Exercise requirements -
In the data below, restate exactly the lines from the one with "TrangNemo online show" to the final line, both included, but not the pictures.

[Short descriptive text snippets]
********************
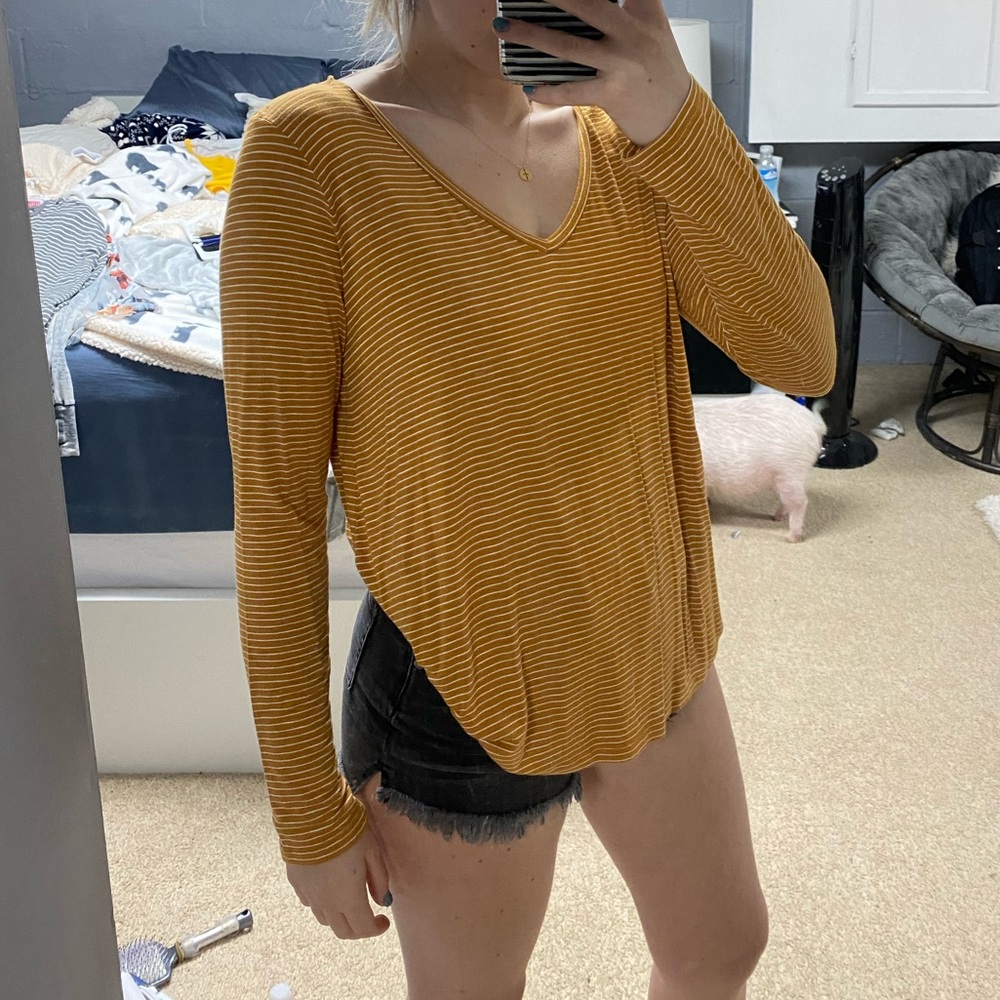 Soft and sexy tee!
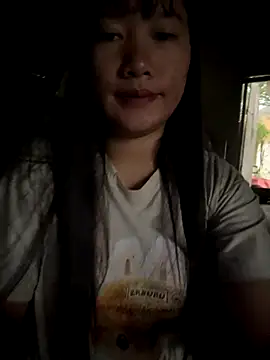 TrangNemo online show from October 24, 2025, 12:20 am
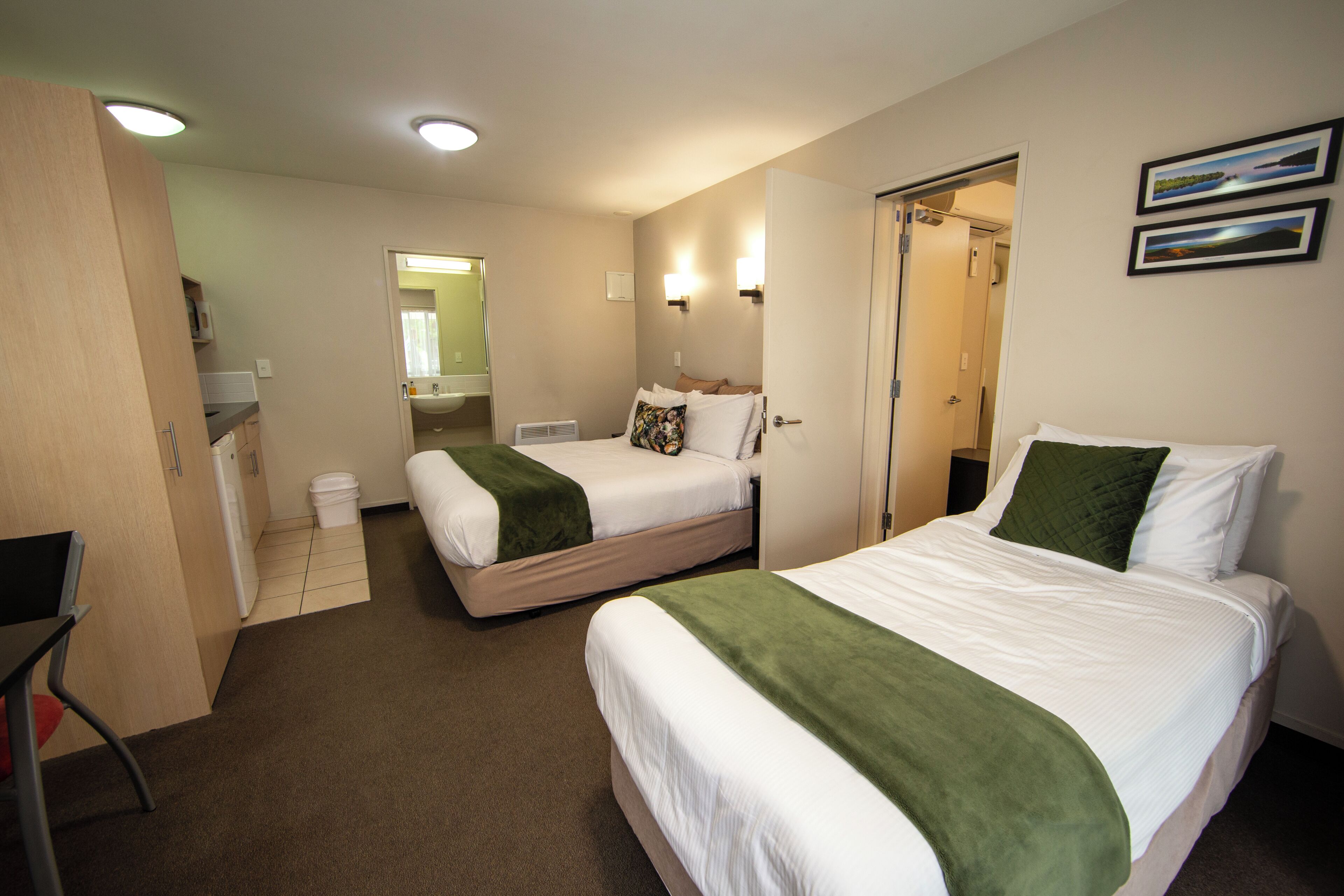 Two-Bedroom Apartment with 2 Bathrooms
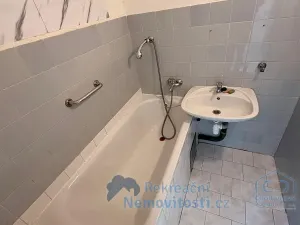 Prodej bytu 3+1, Teplice, Jaselská, 75 m2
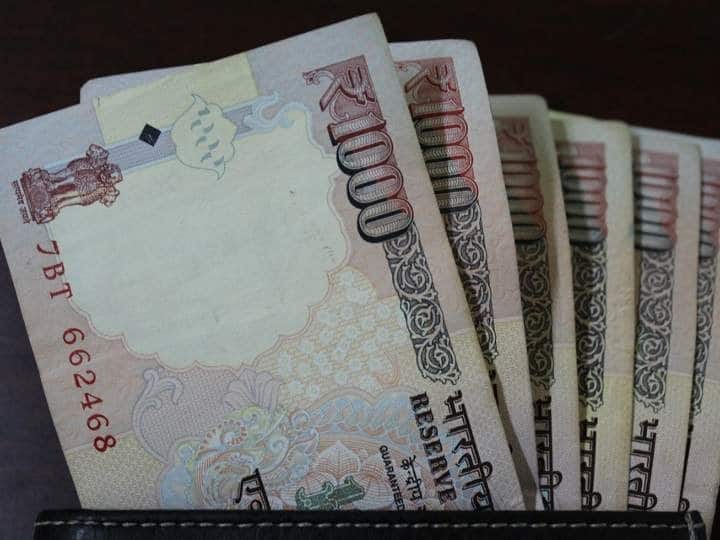 RBI 1000 Rupees notes coming back in the market read this new report 1000 Rupees Note: क्या मार्केट में वापस आ रहे 1000 रुपये के नोट? नई रिपोर्ट में हुआ ये खुलासा 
********************
Task result -
 TrangNemo online show from October 24, 2025, 12:20 am
 Two-Bedroom Apartment with 2 Bathrooms
 Prodej bytu 3+1, Teplice, Jaselská, 75 m2
 RBI 1000 Rupees notes coming back in the market read this new report 1000 Rupees Note: क्या मार्केट में वापस आ रहे 1000 रुपये के नोट? नई रिपोर्ट में हुआ ये खुलासा 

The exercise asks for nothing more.